Ok, so this post is about “what we did on our vacation,” but bear with me, I will get to healthcare towards the end.
As is our unfortunate habit, my husband and I did practically no preparation for our big annual year-end trip. Beyond getting our malaria pills and knowing we wanted to see 13 types of lemurs and some baobob trees, we were pretty ignorant about this island’s country that is home to 22 million people and some of the most charming and weirdest animals on the planet. Unlike prior years, we didn’t even bring along a guide book. Boy, were we in for some surprises.
Our first stop on the way from the noisy, traffic-jammed capital, Antananarivo (called Tana by the locals) to the Andasibe-Mantadia National Park, was a reptile farm. I had visions of the pathetic snake farm we visited in South Dakota years ago with its broken windows, filthy glassed-in cages and reptiles in varying stages of dying. But this, thank heavens, was nothing like that. The chameleon enclosure was filled with healthy native plants and an array of chameleons to make your eyes pop. Ok, it was like a petting zoo, but having a gigantic rainbow-colored Parsons chameleon climb onto your head was really, really fun.
Andasibe National Park is home to a number of species of lemurs including the Indri, the largest of the lemurs. The plaintive cries of these tree-dwelling, tailless, black and white creatures resonate through the forest. In contrast, if you are lucky enough to see it, the tiny nocturnal mouse lemur will charm you with its giant eyes and tiny body.
The birdwatching in Andasibe was spectacular—we saw three different species sitting on their nests, including a beautiful coal-black male crested drongo. It made me realize that in all our years of bird-watching, we had never seen birds in their nests (not counting watching the live-stream of the famous Decorah eagles in Iowa).
The absolute highlight of the nesting birds was a female collared nightjar we found sitting like a queen on her nest built in the center of the appropriately named bird’s nest fern.
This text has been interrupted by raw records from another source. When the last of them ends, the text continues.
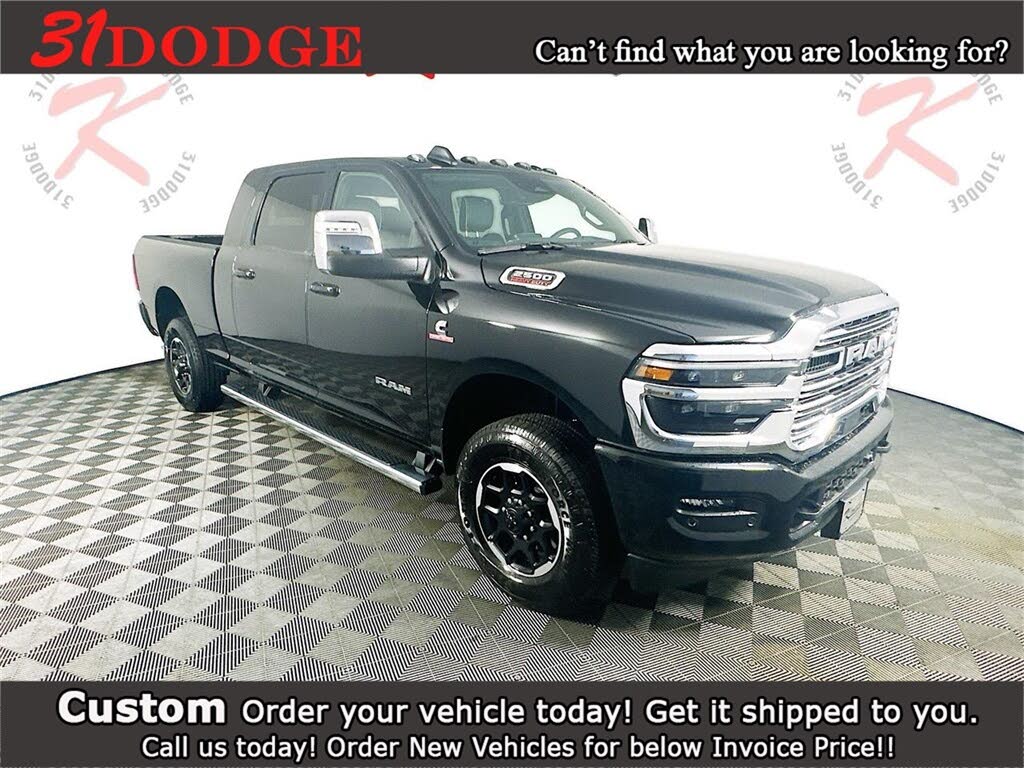 2025 RAM 2500 Laramie Mega Cab 4WD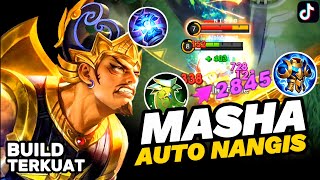 ANTI MATI | Dikeroyok Anti Pulang Build Terkuat Gatotkaca Counter Masha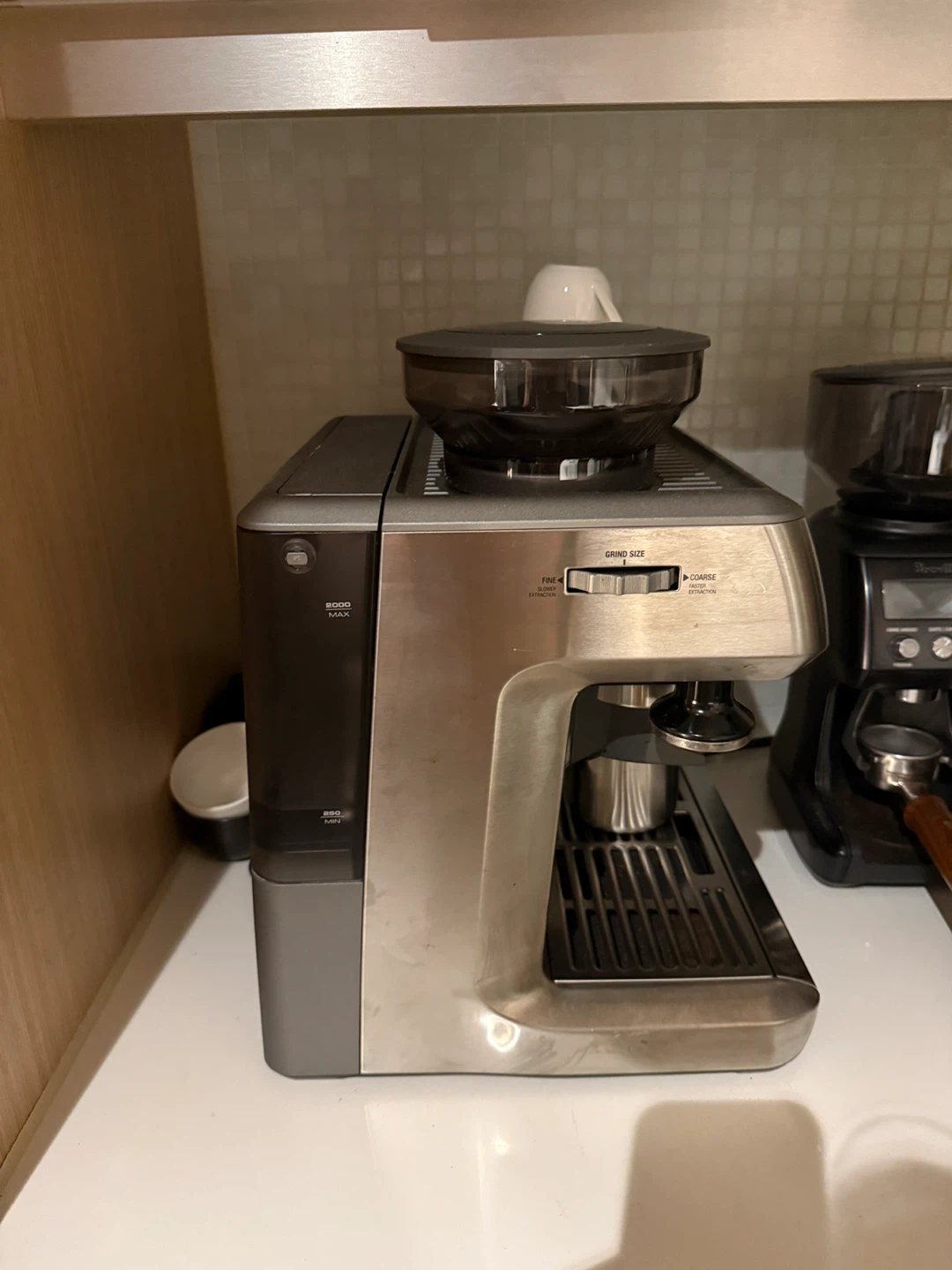 Breville Barista Express Espresso Machine - photo 3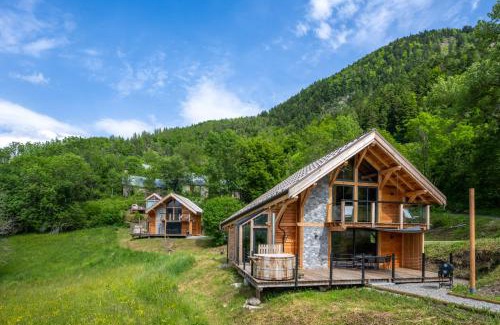 Saint-Jean-Saint-Nicolas Cabina | Les chalets d'Éléna
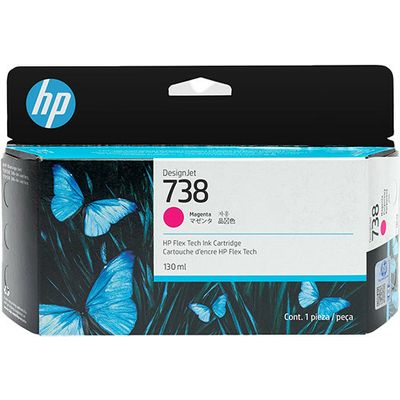 Cartuccia stampante HP 738 (498N6A) - Magenta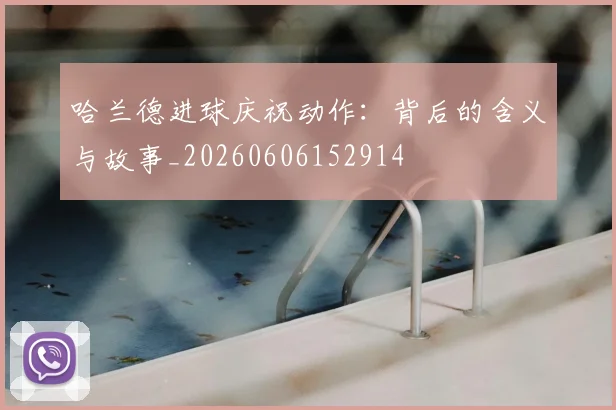哈兰德进球庆祝动作:背后的含义与故事_20260606152914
In two days in Andasibe-Mantadia, we saw over 40 of the 285 species that inhabit the island. Wow!
The passion of John
Our local Andasibe guide, John, was the absolutely the best local nature guide we have ever been lucky enough to have; he has passion! And better yet, he has otherworldly vision and hearing. He once spotted a stick insect on a similar colored leaf as we were driving by in the car! But, he won my heart on one of our night walks when he belly-flopped on the ground and caught a little hedgehog-like creature, the tenrec, with his bare hands. Farther along on the trail he said, “Listen, I hear a very young long-eared owl,” and voila, a few minutes later, we saw a three month old long-ear, high up in a tree, screeching its heart out.
We saw seven species of lemurs in our two days in Andasibe-Montadia. We hiked in a lovely primary forest and were lucky enough to spend a half-hour watching a family of black and while ruffed lemurs gorge on fruit high up in the canopy, before coming down lower where we could look at them in the eyes.
Our hotel, the lovely Valkuna Lodge, has its own version of a petting zoo—our trip guide, Jean-Jacque, purposely didn’t tell us that it was the lemurs who would end up petting us. At one point, I had three brown lemurs on my person. Because they have human-like fingernails instead of claws means they can gently climb all over you without leaving a scratch.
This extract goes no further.